MANILA, Philippines — A Pasig regional trial court has junked the petition to have Kingdom of Jesus Christ (KOJC) leader Apollo Quiboloy placed under “hospital arrest” at the Veterans Memorial Medical Center in Davao City.
Israelito Torreon, Quiboloy’s lead counsel, said yesterday that the court’s Branch 159 denied the motion for hospital arrest they filed in September due to the KOJC leader’s existing medical condition.
“We received this morning an order denying it,” Torreon told reporters in an interview on the sidelines of a pre-trial conference at the Pasig court.
“Yes the judge denied our motion, though the judge clarified during our hearing this afternoon that we can coordinate with the warden of Camp Crame Custodial Center if there is an urgent need for Pastor Apollo Quiboloy to be brought to the hospital. But only that it should be with the PNP General Hospital within Camp Crame,” he added in a message to The STAR.
Torreon said they intend to ask the court to reconsider its decision.

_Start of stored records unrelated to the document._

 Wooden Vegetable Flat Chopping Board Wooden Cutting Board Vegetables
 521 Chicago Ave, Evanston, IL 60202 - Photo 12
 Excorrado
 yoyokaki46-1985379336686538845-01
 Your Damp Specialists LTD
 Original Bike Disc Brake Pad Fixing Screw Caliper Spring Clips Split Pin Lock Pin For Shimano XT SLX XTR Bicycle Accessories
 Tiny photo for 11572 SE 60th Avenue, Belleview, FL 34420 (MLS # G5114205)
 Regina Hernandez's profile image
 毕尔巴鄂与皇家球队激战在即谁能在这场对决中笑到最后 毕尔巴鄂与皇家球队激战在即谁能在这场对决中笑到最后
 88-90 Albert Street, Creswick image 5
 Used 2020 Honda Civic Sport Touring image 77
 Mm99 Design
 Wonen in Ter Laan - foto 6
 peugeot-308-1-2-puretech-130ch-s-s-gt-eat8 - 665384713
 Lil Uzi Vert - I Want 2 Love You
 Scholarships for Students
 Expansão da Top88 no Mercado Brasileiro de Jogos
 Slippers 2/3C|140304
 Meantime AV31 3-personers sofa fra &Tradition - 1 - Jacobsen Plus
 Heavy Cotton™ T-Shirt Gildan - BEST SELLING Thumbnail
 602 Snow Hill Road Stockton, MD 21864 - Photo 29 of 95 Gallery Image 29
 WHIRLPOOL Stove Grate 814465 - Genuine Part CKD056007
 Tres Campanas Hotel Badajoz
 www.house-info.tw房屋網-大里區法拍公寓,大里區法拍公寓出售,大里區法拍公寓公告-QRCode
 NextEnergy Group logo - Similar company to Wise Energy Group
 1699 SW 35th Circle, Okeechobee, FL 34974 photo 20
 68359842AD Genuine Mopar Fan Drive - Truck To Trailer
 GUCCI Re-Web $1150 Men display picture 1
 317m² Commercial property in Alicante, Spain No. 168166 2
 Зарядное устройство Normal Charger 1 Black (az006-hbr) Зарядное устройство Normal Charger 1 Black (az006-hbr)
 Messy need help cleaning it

Brig. Gen. Jean Fajardo, Philippine National Police (PNP) public information officer, said they have yet to receive an update about the court proceedings.
She declined to reveal the results of the medical examination conducted by the PNP Health Service on Quiboloy who is accused of qualified human trafficking at the Pasig court and child and sex abuse cases at a Quezon City court.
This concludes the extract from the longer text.